> **Task to complete**:
Find the line containing "Bên ngoài Regenta Central Harsha Vapi" in the entries below. Restate it and each line after it, word for word, up to and including the line containing "Swimming pool of".

> **Data section**:
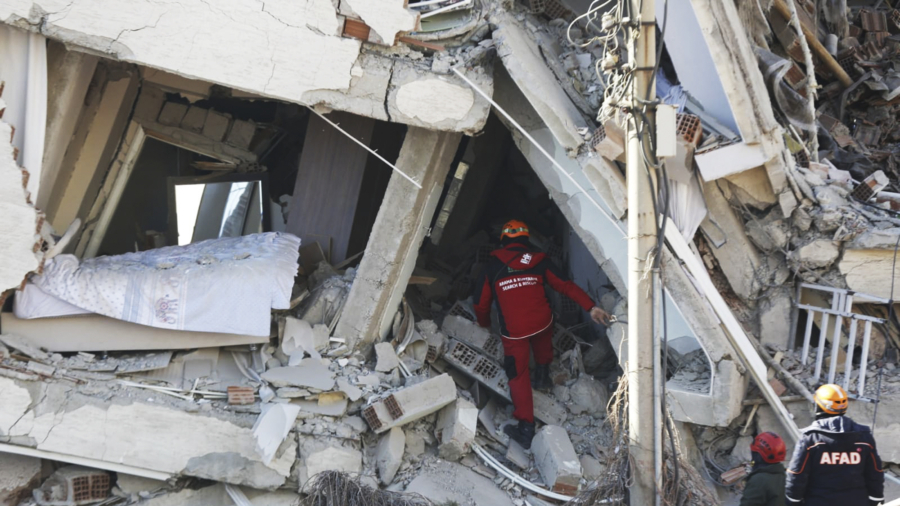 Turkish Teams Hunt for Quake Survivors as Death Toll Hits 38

...

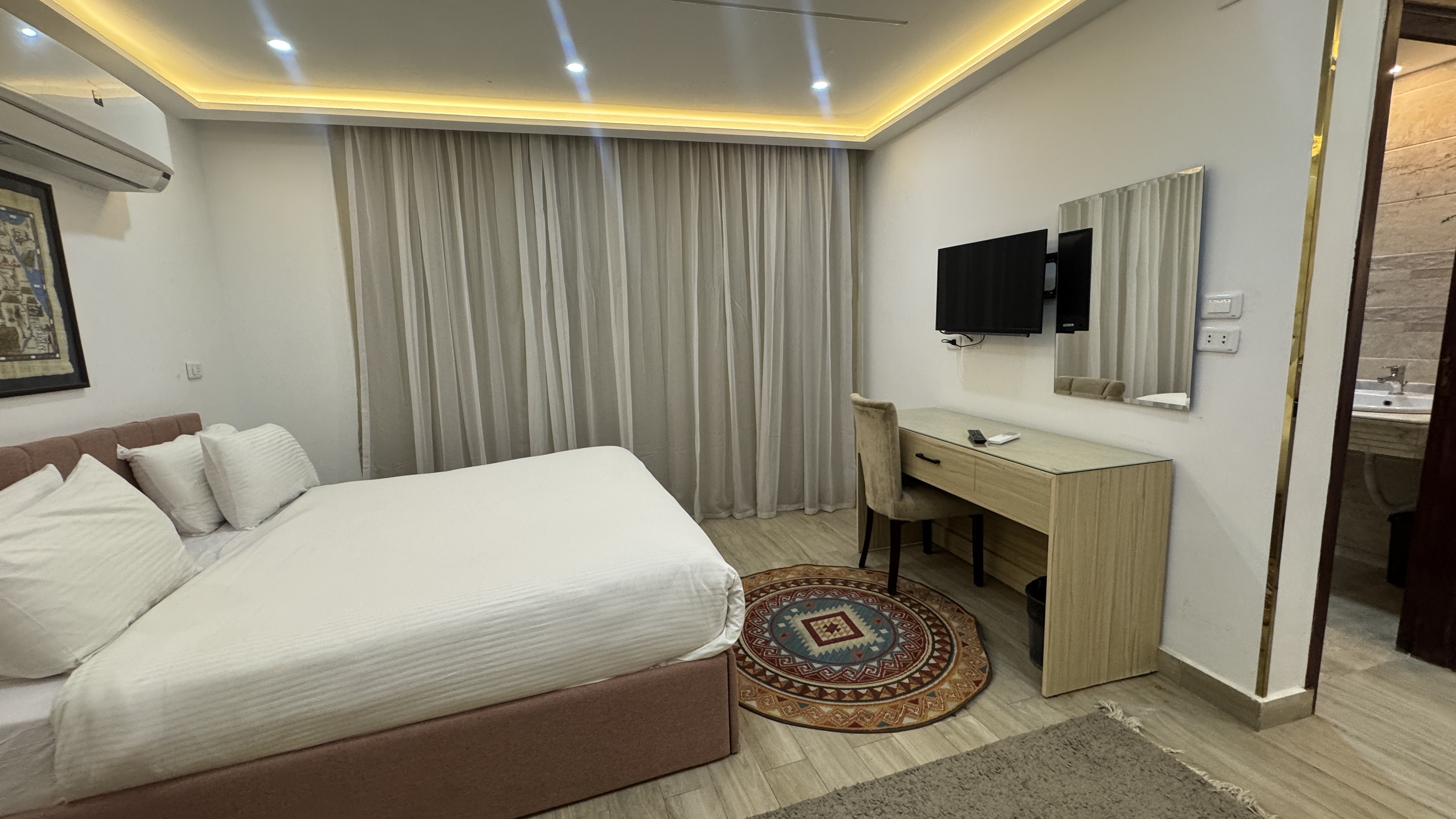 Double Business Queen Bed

* * *

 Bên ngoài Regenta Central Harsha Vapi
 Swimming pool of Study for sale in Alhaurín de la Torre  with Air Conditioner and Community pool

> **Result below**:
 Bên ngoài Regenta Central Harsha Vapi
 Swimming pool of Study for sale in Alhaurín de la Torre  with Air Conditioner and Community pool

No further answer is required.